Notes from Limmud 2005
Ascending the Mount
The Temple Mount is one of the most sacred Jewish sites, and yet, even taking into consideration halachic constraints and problems of identification, most people do not consider that the Temple Mount should be accessible to all, as they would for the Western Wall. The site is unique in this respect. Why is this so; why is Judaism's most identifiable sacred space off-limits?
There is the attitude: Who needs the Mount? We've got enough problems already!
The following comes from The Challenge of Jerusalem: Betwixt Thicket and Altar, by Israel Eldad and Ariel Eldad. (The title refers to the concept that when Abraham took Isaac off the altar, he took the ram from a thicket... and replaced Isaac there instead):
The Temple Mount was captured, it was not liberated. [...]
Immediately the Mount was captured, it should be expropriated from the Waqf [...]
(The Waqf (وقف) being the Muslim body with authority over holy sites in the Old City of Jerusalem.)

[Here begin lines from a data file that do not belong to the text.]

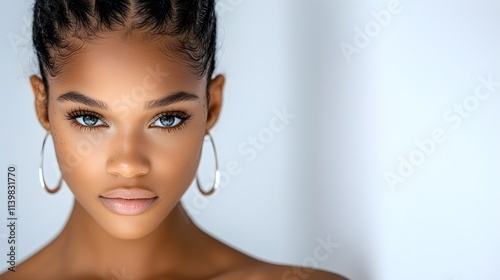 high-definition close-up, African American woman, impeccable smooth skin, strong yet subtle gaze, isolated on white background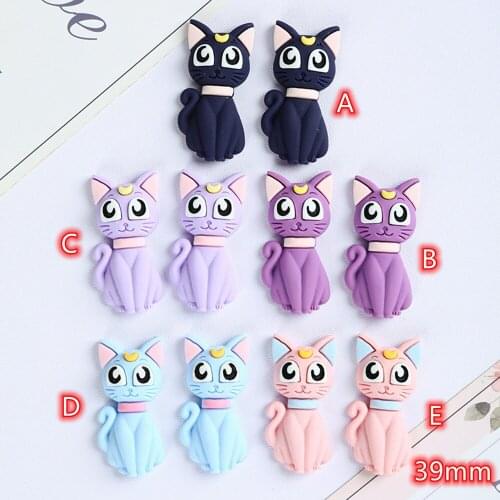 Cats Cabochons Flatback 10pcs cute Cat Animal Resin Cabochon Flatbacks Button Embellishments for Scrapbook Cartoon Cats Resins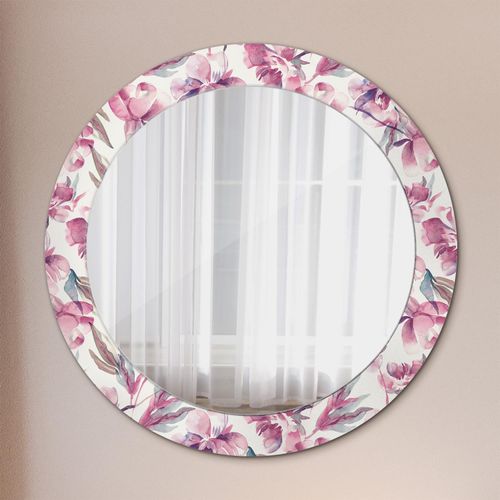 Spiegel - Mirror zum Wandspiegel Schlafzimmer – Schminkspiegel- Pfingstrosen Blumen- Ø70cm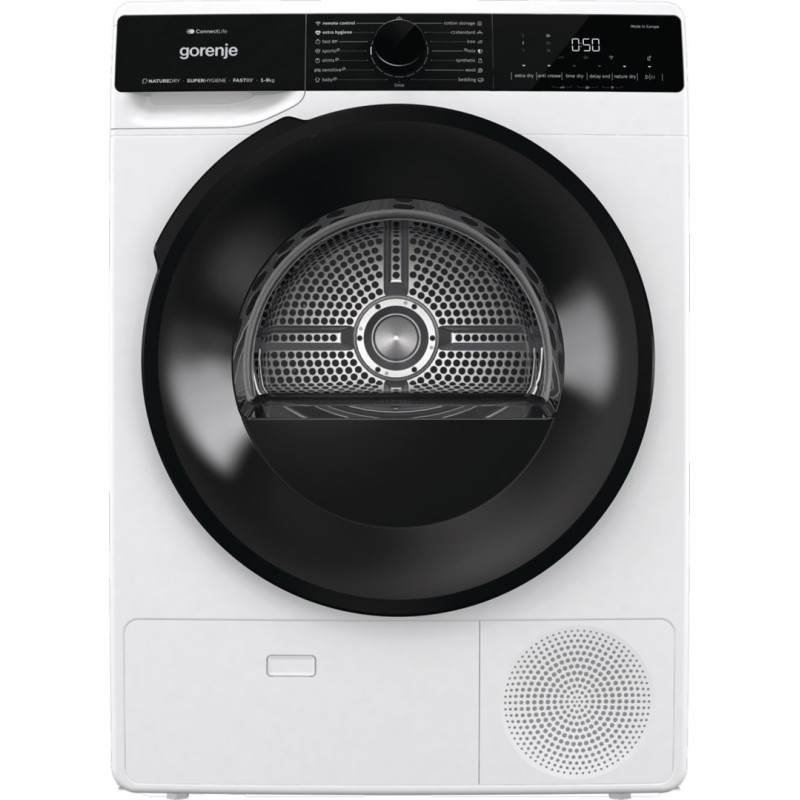 Gorenje DPNA92WIFI ​​džiovykla Laisvai pastatoma priekinė apkrova 9 kg A++ juoda, balta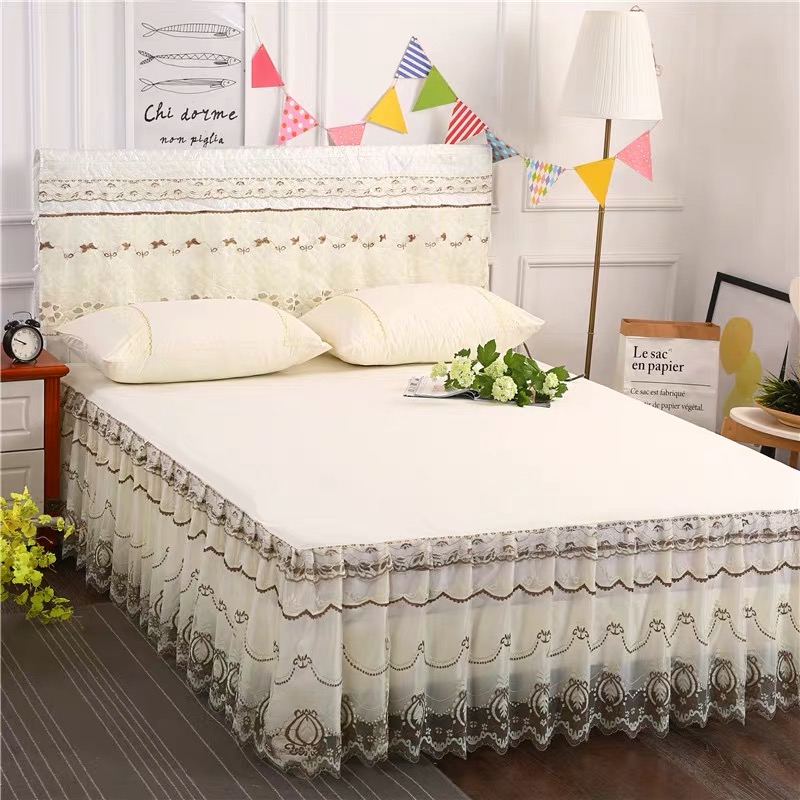 4*6 3PC BED SKIRT(CREAM)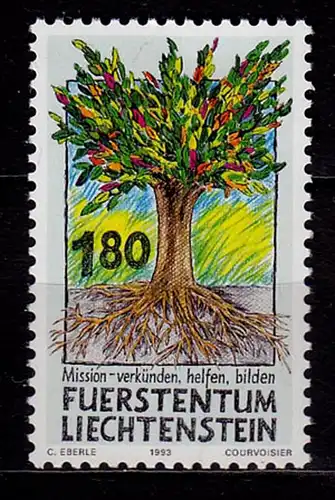 Liechtenstein Mission Entwicklung 1993 Mi1064 ** unter Postpreis  (c059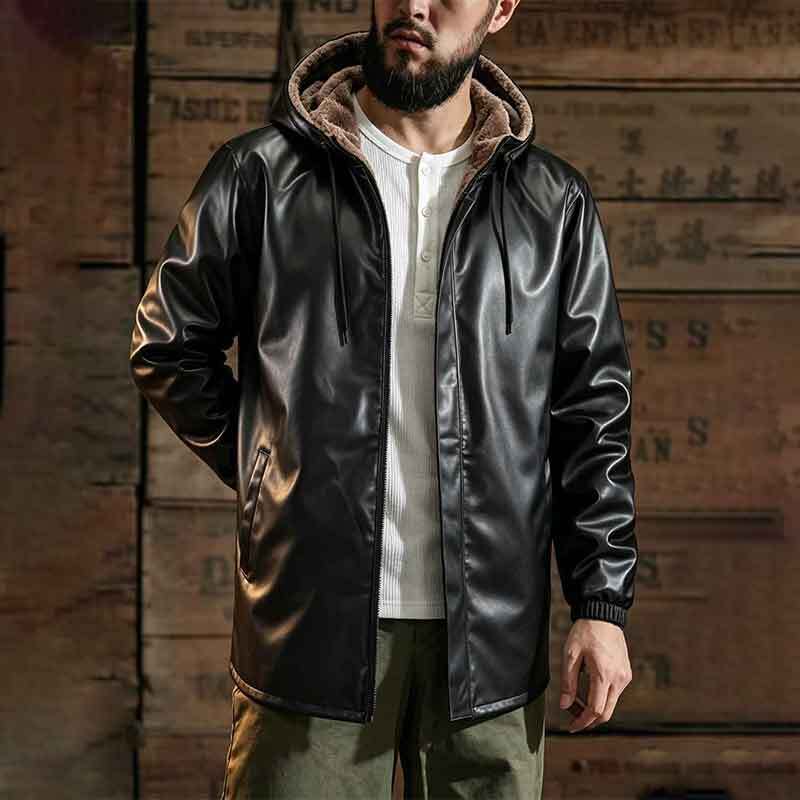 Herren Modische Kunstlederjacke mit Kapuze und Fleecefutter Echo Archiv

The Jewish attitude towards the Temple Mount relates to the Kotel [the Western Wall] being always seen as the height of aspiration for Jewish pilgrimage. [The Wall is thought by many to be the sole remaining wall of the Temple, though it is actually just a retaining wall built by Herod to enlarge the top of the Temple Mount.] This is the case for two main reasons: It has been a rabbinic ruling for at least five to six hundred years that no Jew is allowed to go onto the Mount. And since the Ottoman conquest, no foreigners have been allowed up there.
Yet we have Arab records from the first Muslim period that they allowed Jews to wail atop the Temple Mount for the destruction of the Temple on Tisha Be'Av. There was even a synagogue there! It was only after the Muslims reconquered Jerusalem from the Crusaders that they forbade all foreigners to go there.
A psychological transformation then took place which imposed our own reasons for this, upon a decision that was actually forced upon us. Namely, we can't go up because the Temple Mount contained the Temple Precints, and there are restrictions on where Jews (apart from priests and levites in a state of ritual purity) can go in the Temple, and for two thousand years no Jew has been up on the Mount.
This, however, is not the case. Maimonides, writing eight hundred years ago, ruled that Jews could go onto the Temple Mount! We learn this from the intersection of the laws of טמאת מת - ritual impurity conferred by the dead - with the formation of the tribes in the desert. The משכן [Tabernacle] was in the middle of the Israelite camp, and next to it were kept the bones of Joseph. So if even a dead body can be that close to the Tabernacle, anyone can go into the Temple.
An argument rabbis put against this was that we don't know where the restricted areas were. The solution to this is to do some archaeology and find out where they were! "It is easier to justify ascending the Temple Mount than milking a cow on Shabbos!" [I didn't get who said this.]
Can we identify what was where? [Underground map of the Temple Mount.] This is problematic from two points of view. First, we don't have permission to dig there; and secondly, in the southern part, two new underground mosques have been built in the last six years, one large enough to carry five thousand people! What happened to the dirt and potential archaeological finds, protected by the Antiquities Law, displaced by the construction of these? They were dumped, thrown away! Only now are we [Prof. Gabi Barka'i] beginning to discover there were Second Temple and perhaps First Temple elements in that rubbish. (This has also caused structural damage to the southern wall of the Temple Mount, which has necessitated Jordanians and Egyptians coming in and bolster the wall.)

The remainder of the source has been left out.